Some People Are Quick to Judge, But Slow to Self-Correct
Some people judge others at the speed of sound, bluntly and mercilessly. They’re guided by a narrow perspective and an empty heart, without an ounce of empathy. The seed of egocentrism has been planted in their minds, a seed that has also planted in our surroundings.
Learning from our mistakes, biases, and misconceptions is an art that is very difficult to master. First of all, because it requires breaking down the wall of the aforementioned ego, which involves restructuring the foundations of one’s identity. How can you admit that you were wrong to judge another person if you were taught to distrust that which you do not know?
“People judge according to what they see, and they see what they want. Therefore, we end up judging that which we envy or want.”
We live in a society where value judgments prevail, everybody knows that. Sometimes, it doesn’t matter how much effort you put into something, because there will always be those who will gladly tack a label on you to distinguish you in this world of complex flora and fauna. But it doesn’t matter that this world is as chaotic as a jungle. It doesn’t matter how many times people judge you or put false labels on you.
They’re just words, empty actions, background noise. Because in such a complicated world, the only thing of any value is authenticity, and that is the only thing you should work to preserve every day, in every moment.
We all judge, whether it’s with good or bad intentions
We all do it. Everybody makes value judgments in their daily lives and their relationships. However, instead of viewing this psychological resource as a negative, you have to accept it for what it really is: a natural need to evaluate and control the unknown.
Judgment is a survival mechanism. However, the way you do it feeds directly into your personality, your ingrained biases, and your flexibility of thought. According to work done by Harvard University, people spend no more than a few seconds evaluating someone. In fact, our judgments are based on two basic questions:
- Can I trust this person?
- Does this person deserve my respect?
Psychologists from Harvard refer to the first as warmth, and the second as competence. If you’re talking about competence from a work perspective, it’s an essential factor. Can this person guarantee our productivity? Are they a respectful leader?
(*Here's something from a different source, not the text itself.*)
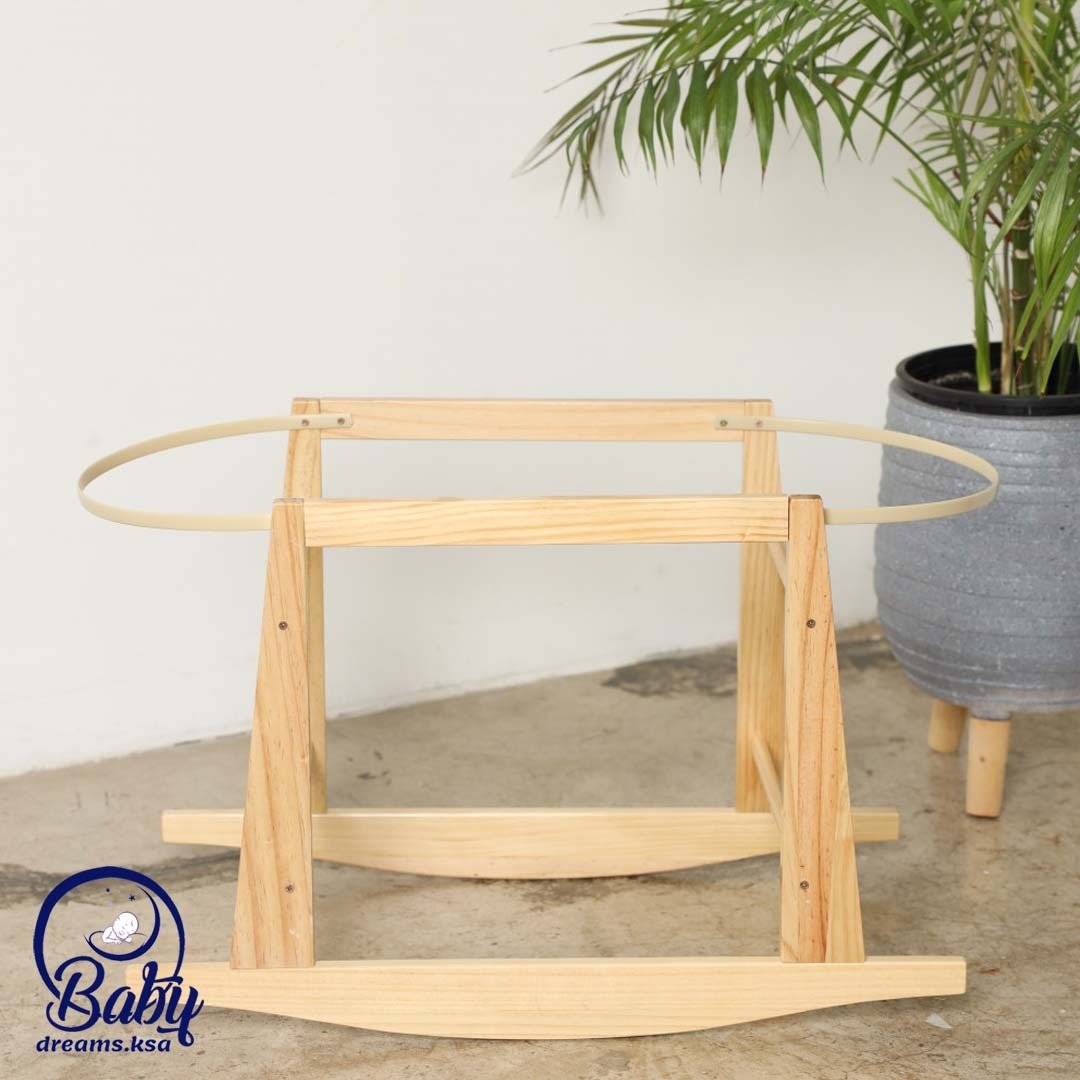 مهاد سلة موسى للأطفال مفرش بيج +استاند هزاز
Are they creative and motivating? Could I work in a team with them?
On the other hand, warmth, or trust, is one of the most important aspects of our lives. In fact, it’s crucial for our survival. Trust means being able to share, bond, and grow. Therefore, we judge others based on what we see and how they make us feel to determine whether we can trust that person or not.
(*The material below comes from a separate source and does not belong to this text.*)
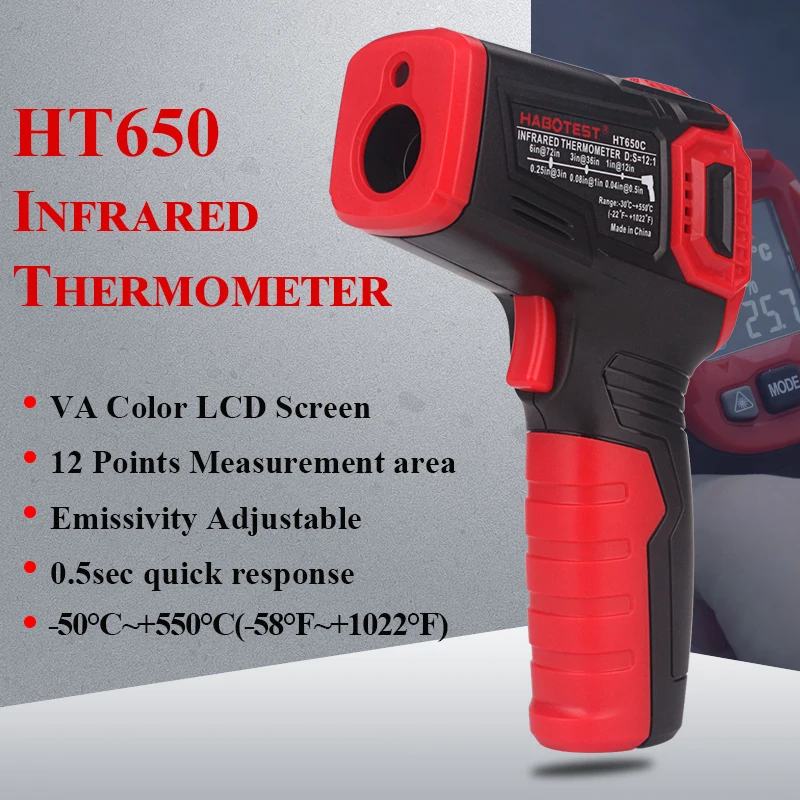 Habotest HT650C температура влажности измерительный гигрометр цифровой термометр инфракрасный лазерный термометр метеостанция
But it’s clear that we aren’t always right…
Poor judgment and the value of self-correction
If judging is part of survival, it’s necessary to know how to accept poor judgment and learn from it. However, as we already know, this attitude isn’t too abundant. Every judgment that you make is part of your deepest self, your upbringing, values, experiences, and interpretations, however correct or incorrect they may be.
It takes humility to accept poor judgment as a mistake. Wisdom comes from being able to reconstruct frameworks of thought and thus improve coexistence with others. Above all, it involves change. If you’re capable of judging others, you should also be capable of judging yourself.
Learn how to take control of harmful judgments
We already know that we cast judgments almost instinctively. A first step towards avoiding crude biases and stereotypes is assuming a more reflective attitude. Before you come to a conclusion about someone or something, remember the following:
- Every judgment that you pass reflects a part of yourself. Ask yourself what made you think that way, make that judgment, or choose that label.
- Don’t relate behaviors with “types of people.” Every person is a unique entity, so don’t put the chains of judgment on someone who, like you, was born to be free and different from everyone else.
- Look for the good in each person. Even if you don’t believe it, even if you struggle to see it at first, that person who seems untrustworthy because of their image might be hiding things that you could learn from, greatness that you could imitate, virtues that could inspire you.
Last but not least, try to feel good about yourself. Because people who are in harmony with themselves, who are satisfied with who they are and what they have, don’t judge others. People who fill their emptiness with the assurance of a good self-esteem don’t see defects where there are none. They don’t look for victims onto whom they can project their own shortcomings.